Crawled caption data
※ ※ ※

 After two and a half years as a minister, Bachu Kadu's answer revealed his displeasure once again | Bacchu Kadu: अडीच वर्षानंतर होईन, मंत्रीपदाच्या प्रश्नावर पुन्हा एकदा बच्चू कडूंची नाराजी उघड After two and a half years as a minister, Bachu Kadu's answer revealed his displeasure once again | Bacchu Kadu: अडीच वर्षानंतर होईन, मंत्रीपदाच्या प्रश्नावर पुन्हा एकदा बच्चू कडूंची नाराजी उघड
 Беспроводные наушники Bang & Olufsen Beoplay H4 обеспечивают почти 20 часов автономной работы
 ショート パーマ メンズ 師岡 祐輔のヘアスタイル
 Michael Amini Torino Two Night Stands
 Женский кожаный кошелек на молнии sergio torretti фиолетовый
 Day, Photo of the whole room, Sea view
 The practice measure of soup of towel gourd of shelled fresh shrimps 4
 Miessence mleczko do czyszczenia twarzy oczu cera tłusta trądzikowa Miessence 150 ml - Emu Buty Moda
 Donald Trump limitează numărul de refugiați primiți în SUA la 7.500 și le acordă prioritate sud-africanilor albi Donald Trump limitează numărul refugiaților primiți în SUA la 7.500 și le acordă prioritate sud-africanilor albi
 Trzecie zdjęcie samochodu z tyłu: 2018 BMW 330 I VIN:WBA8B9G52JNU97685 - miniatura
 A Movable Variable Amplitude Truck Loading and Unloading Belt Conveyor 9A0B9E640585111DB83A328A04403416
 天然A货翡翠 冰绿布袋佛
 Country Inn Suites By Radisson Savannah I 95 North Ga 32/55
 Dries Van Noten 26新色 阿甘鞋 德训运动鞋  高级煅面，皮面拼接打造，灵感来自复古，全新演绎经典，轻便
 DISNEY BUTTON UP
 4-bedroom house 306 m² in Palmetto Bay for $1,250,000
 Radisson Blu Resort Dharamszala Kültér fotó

※ ※ ※

What is being asked> Restate word for word the lines running from the line that holds "Country Inn Suites" to the final line of the entries.

Solution>
 Country Inn Suites By Radisson Savannah I 95 North Ga 32/55
 Dries Van Noten 26新色 阿甘鞋 德训运动鞋  高级煅面，皮面拼接打造，灵感来自复古，全新演绎经典，轻便
 DISNEY BUTTON UP
 4-bedroom house 306 m² in Palmetto Bay for $1,250,000
 Radisson Blu Resort Dharamszala Kültér fotó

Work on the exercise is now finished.